> [Dataset records]
%%
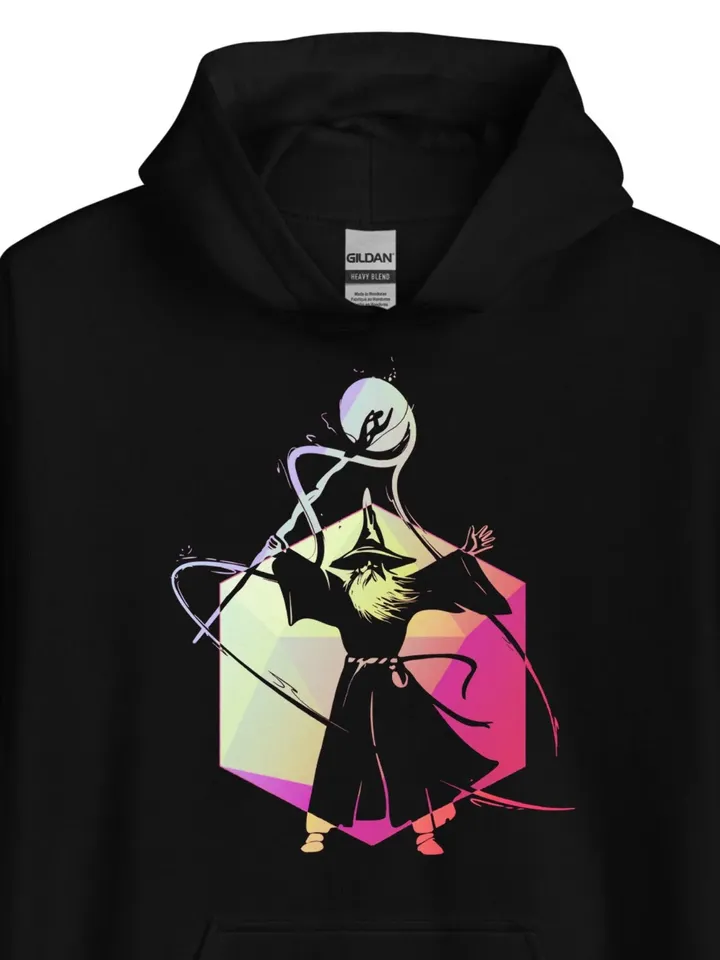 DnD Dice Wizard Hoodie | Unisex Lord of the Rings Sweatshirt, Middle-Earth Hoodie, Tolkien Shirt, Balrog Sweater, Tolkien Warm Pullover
%%
%%
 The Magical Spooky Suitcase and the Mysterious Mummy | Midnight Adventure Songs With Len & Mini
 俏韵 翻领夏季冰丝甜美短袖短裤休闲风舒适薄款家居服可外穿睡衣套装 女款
%%
> [Problem] Leave out every line above except those from the line with "The Magical Spooky" up to and including the line with "俏韵 翻领夏季冰丝甜美短袖短裤休闲风舒适薄款家居服可外穿睡衣套装 女款", and copy those exactly.

> [Task solution]
 The Magical Spooky Suitcase and the Mysterious Mummy | Midnight Adventure Songs With Len & Mini
 俏韵 翻领夏季冰丝甜美短袖短裤休闲风舒适薄款家居服可外穿睡衣套装 女款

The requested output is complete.